In some countries, modifying confiscated devices in any way is either illegal or requires suspicion of serious crime.
House was stopped at Chicago’s O'Hare International Airport coming back from vacation in November 2010.
(...) DHS agents detained House, interrogated him about his political activities and beliefs, and then seized his laptop computer, mobile phone, camera, and USB drive. The agents returned House’s phone after inspecting it, but the government kept the rest of his devices for seven weeks while agents searched his files for evidence.
Even after the government returned House’s physical devices, it continued to actively investigate copies of his files for nearly six more months.
The ACLU releases their lawsuit's documents - including the chain of custody paper - to show what it believes to be a similar abuse of search and seizure laws in the United States.
ACLU also draws a direct line between the Miranda case and what DHS/ICE have done to an estimated 4,957 Americans who have had their electronic devices searched between October 1, 2012 and August 31, 2013, "and an additional 4,898 individuals were subject to electronic device searches the previous year."
Like Mr. Miranda, Mr. House was not charged with any crime.
Americans crossing the border are being searched and their digital media is being seized in the hopes that the government will find something to have them convicted.
I think it’s important for business travelers and people who consider themselves politically inclined to know what dangers they now face in a country where they have no real guarantee of privacy at the border.

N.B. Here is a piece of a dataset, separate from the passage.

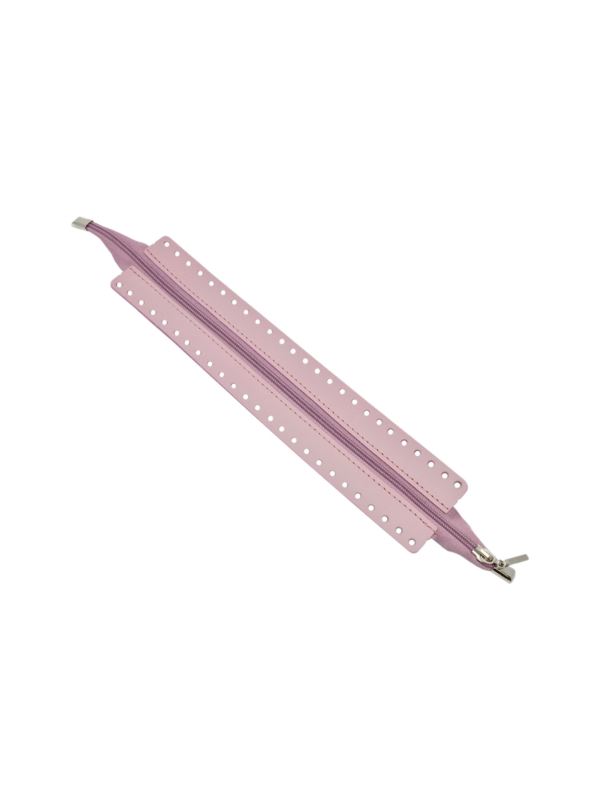 Zamek do toreb skórzany naturalny - Jucht - 40 cm - ZZ30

Finland-based F-Secure Senior Researcher Jarno Niemelä told ZDnet that when electronics are confiscated, authorities can hack your passwords or file encryption and basically do:
Phone calls, call records, SMS messages and SMS records, email messages, physical location, ability to use device as a listening bug, websites visited (and visit duration), screenshots of user activity, all windows interacted with, all internet connections made, all app usage (and use duration), all files used and deleted, all documents opened, all chatroom conversations, all computer usage sessions, etc.
German researcher Felix "FX" Lindner explained in more direct terms,
However, just imagine I get your phone and computer and put every data point I can find in Maltego.

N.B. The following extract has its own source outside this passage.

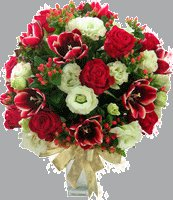 white flowers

The secondary and following layers reveal everything, especially if the authority doing it also has the power to go to the central service providers you use (Facebook, Twitter, Google).
The ACLU thinks that crossing a border shouldn't be a loophole by which a US government department can rifle through what's become the repositories for the most intimate and private areas of our lives.
A federal appeals court recently said that the forensic examination of a person’s laptop is so “comprehensive and intrusive” that the government should not be allowed to search such devices at the border without reasonable suspicion of wrongdoing.
But I think that what the ACLU documents show is that we've got a system that's been exploited several steps too far - and suspicion of wrongdoing has fallen victim to "eye of the beholder" syndrome.